O, Louis descubre los recovecos de la personalidad del técnico holandés. Lo que no parece estar tan claro es si Hugo Borst ha pretendido aportar luz a un personaje con historias escandalosas y encuentros hilarantes, o acabar con él. El internacional marroquí Khalid Sinouh desgrana en el libro una de las anécdotas más elocuentes y significativas del particular carácter de Louis van Gaal (Amsterdam, 1951). El portero coincidió con él en el AZ Alkmaar, en la temporada 2006-07. "En un entrenamiento me gritó con tanta fuerza que su dentadura salió volando", asegura. Aunque ahí no quedó la cosa según Sinouh, actualmente sin equipo: "Recogió los dientes rápidamente, se los metió en la boca y me siguió gritando". A pesar del incidente en 't Lood, el complejo deportivo del AZ, el guardameta asegura que es el "mejor entrenador" que ha conocido nunca, "no tiene un momento de decaimiento".

"Mi esposa y yo nos divertimos mucho en la cama"

La obra revela también pasajes comprometidos de la relación con su segunda mujer, Truus Opmeer, a quien conoció en el Mundial de Estados Unidos y con la que se casó en 2008 en el Algarve portugués, uno de sus refugios favoritos ––la primera, Fernanda, madre de sus dos hijos, falleció en 1994––. "La forma que trata a Truus en público es poco elegante y a veces francamente vergonzosa", afirma Borst. "En compañía de amigos y conocidos, Louis ha hecho comentarios que en nueve de cada diez matrimonios serían motivo de divorcio inmediato", comentan algunos amigos íntimos de la pareja. En 2010, siendo técnico del Bayern de Múnich, acudió con su mujer a un plató de televisión y aseguró para regocijo de los telespectadores alemanes: "Mi esposa y yo nos divertimos mucho en la cama. Ella sabe cómo tratarme y lo hace muy bien", y añadió: "Creo que es importante hacer el amor a menudo". Truus aseguró por su parte: "Es ingenuo y le gusta que lo mimen".

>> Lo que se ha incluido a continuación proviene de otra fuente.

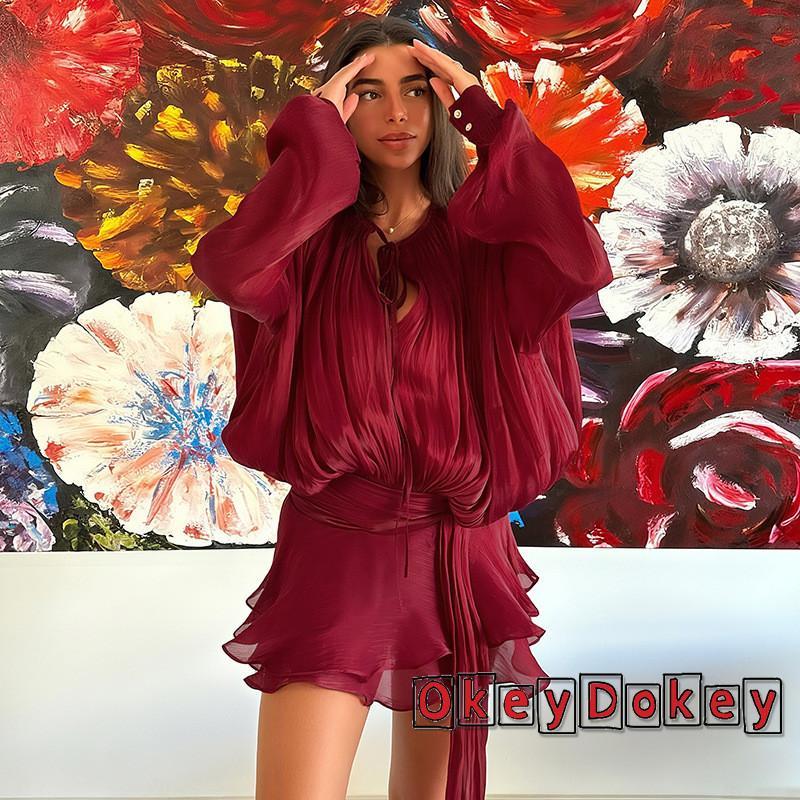 Đầm ngắn nữ ruffle tay đèn lồng, buộc mặt trước, màu trơn xếp ly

Tras su paso por el Barça, donde se describió a sí mismo como "una madre de una familia numerosa", presume de ser un sumiller acreditado. Aunque según Hugo Borst, "personas que han comido o cenado con Louis dicen que el alcohol no tiene un efecto favorable sobre él".

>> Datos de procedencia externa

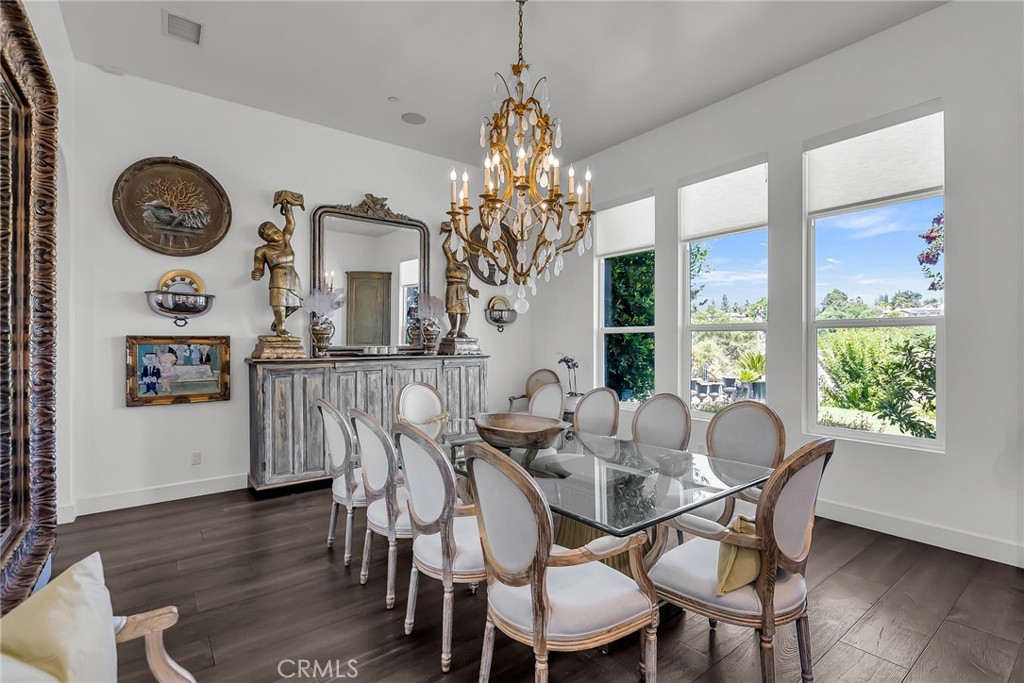 7420 Via Montecito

Pero también existe otro Louis van Gaal más humano, más caritativo, más misericordioso. En agosto de 2006 John Blankenstein, un árbitro holandés que se hizo célebre en su país por ser uno de los primeros deportistas de los Países Bajos en declarase homosexual, agonizaba en La Haya debido a una rara enfermedad del riñón. Cuando se enteró el actual técnico del Manchester United, cogió su coche y se presentó en el hospital para animarlo. Van Gaal y Blankenstein estuvieron horas y horas charlando de fútbol y recordando anécdotas de partidos. John Blankenstein murió tres días después. Tenía 57 años.

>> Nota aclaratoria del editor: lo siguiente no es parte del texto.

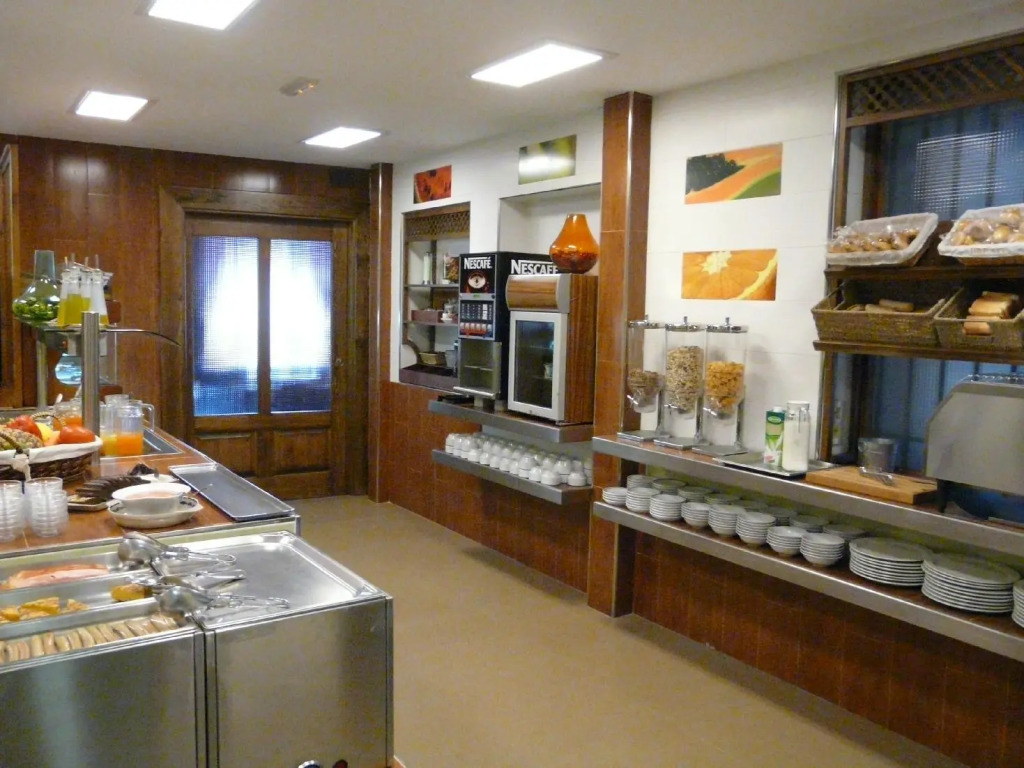 Hotel Alcadima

A cien metros de su enemigo Koeman en el Algarve

Su enemigo íntimo es Ronald Koeman, otro holandés con ADN Barça, ahora técnico del Southampton. Sus desavenencias se remontan a los tiempos en que Koeman entrenaba al Ajax y Louis era director técnico del conjunto de Amsterdam. Aquella guerra acabó en octubre de 2004 con la destitución, o dimisión, de Van Gaal por discrepancias con la directiva presidida por John Jaakke tras un partido de Champions contra el Maccabi (3-0). Los dos, sin embargo, volverían a reencontrarse tiempo después pero por una razón peculiar. Louis van Gaal se compró una casona en Vale do Lobo, un resort de lujo en el Algarve, a sólo cien metros de la de Koeman. Eso sí, "más grande, mejor y más cara" que la del héroe de Wembley.

O, Louis no dejará indiferente a nadie. Ni siquiera a Louis van Gaal. El mismo del que Uli Hoeness aseguró: "El problema de Van Gaal no es que se crea Dios, sino que cree ser el padre de Dios. Antes de que el mundo existiera, Van Gaal ya estaba allí. Es un buen entrenador de fútbol y ha contribuido en parte a lo que es hoy el Bayern". Aunque él lo tiene muy claro: "Yo soy como soy, tengo mi manera de funcionar. No voy a cambiar y no quiero cambiar". Pero al revés de lo que le dijo un día al periodista Edwin Wilkens, siempre positifo, nunca negatifo.